▸ **Short web captions**
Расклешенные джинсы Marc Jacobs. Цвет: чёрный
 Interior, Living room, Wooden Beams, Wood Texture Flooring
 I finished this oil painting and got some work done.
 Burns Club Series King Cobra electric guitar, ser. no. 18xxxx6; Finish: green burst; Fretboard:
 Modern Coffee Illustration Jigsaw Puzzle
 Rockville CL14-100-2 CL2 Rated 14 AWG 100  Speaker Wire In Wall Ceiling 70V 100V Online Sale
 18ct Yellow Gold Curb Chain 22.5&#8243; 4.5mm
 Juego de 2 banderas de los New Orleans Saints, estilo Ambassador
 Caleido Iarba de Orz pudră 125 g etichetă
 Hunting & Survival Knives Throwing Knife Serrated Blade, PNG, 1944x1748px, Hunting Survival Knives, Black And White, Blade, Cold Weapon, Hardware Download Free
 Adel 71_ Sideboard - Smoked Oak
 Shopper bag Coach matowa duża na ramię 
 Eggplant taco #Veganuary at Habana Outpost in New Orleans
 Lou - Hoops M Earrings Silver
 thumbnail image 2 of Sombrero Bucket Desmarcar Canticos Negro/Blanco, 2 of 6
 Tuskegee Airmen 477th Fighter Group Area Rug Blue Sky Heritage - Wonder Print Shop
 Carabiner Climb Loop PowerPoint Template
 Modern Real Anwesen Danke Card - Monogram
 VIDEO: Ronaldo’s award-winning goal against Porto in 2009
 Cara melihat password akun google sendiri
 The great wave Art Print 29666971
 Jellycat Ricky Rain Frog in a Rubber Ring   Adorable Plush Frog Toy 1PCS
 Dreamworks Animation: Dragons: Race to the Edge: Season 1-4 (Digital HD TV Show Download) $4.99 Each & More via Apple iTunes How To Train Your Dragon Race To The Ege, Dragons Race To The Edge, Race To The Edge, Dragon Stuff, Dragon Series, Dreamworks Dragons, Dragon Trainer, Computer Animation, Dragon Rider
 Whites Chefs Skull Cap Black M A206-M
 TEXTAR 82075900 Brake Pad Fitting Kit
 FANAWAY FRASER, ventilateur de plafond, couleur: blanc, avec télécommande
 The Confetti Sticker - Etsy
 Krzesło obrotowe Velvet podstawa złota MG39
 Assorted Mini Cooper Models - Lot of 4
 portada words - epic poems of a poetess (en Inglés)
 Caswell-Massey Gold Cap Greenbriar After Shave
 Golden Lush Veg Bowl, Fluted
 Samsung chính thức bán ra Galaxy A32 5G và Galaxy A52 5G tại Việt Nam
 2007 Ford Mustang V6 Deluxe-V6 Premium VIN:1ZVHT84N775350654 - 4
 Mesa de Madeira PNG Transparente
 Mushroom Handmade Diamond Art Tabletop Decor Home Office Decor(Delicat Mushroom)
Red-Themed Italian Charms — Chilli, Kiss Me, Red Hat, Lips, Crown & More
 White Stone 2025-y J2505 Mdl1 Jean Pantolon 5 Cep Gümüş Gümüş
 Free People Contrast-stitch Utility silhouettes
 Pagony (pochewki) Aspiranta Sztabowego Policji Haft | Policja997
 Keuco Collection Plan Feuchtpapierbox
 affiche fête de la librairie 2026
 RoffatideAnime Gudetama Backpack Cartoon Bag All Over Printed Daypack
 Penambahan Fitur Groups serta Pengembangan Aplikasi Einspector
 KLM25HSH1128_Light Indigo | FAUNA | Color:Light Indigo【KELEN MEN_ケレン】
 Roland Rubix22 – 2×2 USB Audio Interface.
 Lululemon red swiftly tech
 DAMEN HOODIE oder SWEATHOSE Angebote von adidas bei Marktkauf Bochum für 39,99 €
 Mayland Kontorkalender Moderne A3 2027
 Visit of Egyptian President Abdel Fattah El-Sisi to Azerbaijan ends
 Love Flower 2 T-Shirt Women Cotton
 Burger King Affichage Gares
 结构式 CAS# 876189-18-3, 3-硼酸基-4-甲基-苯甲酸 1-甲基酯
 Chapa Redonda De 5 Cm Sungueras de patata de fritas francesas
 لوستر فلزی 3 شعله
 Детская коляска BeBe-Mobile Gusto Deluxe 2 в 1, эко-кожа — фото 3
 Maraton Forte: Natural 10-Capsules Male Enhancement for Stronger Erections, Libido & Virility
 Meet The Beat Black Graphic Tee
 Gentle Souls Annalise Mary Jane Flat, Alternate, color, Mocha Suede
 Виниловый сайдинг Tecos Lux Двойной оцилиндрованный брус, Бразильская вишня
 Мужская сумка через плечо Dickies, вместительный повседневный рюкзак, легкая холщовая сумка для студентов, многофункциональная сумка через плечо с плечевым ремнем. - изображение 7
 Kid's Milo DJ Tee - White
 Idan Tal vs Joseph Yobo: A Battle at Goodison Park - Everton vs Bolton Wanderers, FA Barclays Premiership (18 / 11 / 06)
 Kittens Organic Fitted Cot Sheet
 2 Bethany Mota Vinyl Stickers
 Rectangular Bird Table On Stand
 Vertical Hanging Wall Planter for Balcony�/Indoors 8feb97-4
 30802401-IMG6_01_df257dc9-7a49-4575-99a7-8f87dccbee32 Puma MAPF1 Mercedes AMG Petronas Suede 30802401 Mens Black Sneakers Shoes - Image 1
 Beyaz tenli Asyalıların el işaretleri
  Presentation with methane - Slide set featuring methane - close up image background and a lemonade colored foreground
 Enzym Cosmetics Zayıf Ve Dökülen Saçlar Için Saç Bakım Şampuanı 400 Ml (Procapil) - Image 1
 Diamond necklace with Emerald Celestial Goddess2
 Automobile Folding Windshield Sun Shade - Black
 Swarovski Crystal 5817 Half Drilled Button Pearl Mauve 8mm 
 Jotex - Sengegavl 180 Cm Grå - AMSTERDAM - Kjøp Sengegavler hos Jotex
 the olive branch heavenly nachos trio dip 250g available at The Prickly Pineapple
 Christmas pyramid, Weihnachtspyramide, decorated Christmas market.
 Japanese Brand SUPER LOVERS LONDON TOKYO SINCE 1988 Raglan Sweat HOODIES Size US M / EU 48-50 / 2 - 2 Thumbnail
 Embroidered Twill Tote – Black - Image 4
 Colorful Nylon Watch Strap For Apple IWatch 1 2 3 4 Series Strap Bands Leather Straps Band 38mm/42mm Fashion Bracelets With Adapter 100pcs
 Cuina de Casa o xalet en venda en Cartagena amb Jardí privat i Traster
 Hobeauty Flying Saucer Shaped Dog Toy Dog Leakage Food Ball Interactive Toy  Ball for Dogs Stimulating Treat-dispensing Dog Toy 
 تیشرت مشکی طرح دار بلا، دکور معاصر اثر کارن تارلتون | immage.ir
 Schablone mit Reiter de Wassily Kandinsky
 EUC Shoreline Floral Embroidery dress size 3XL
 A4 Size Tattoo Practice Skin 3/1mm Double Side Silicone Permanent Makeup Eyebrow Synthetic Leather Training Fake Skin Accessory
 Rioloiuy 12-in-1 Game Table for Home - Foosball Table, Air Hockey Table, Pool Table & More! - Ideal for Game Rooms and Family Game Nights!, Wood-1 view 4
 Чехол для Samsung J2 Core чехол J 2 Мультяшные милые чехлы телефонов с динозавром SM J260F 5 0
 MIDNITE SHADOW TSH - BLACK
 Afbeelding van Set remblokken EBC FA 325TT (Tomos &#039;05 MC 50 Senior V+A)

▸ **REQUIRED WORK**
Across the data, tally the lines containing "Orleans" and give back the number alone.

▸ **PROBLEM SOLUTION**
2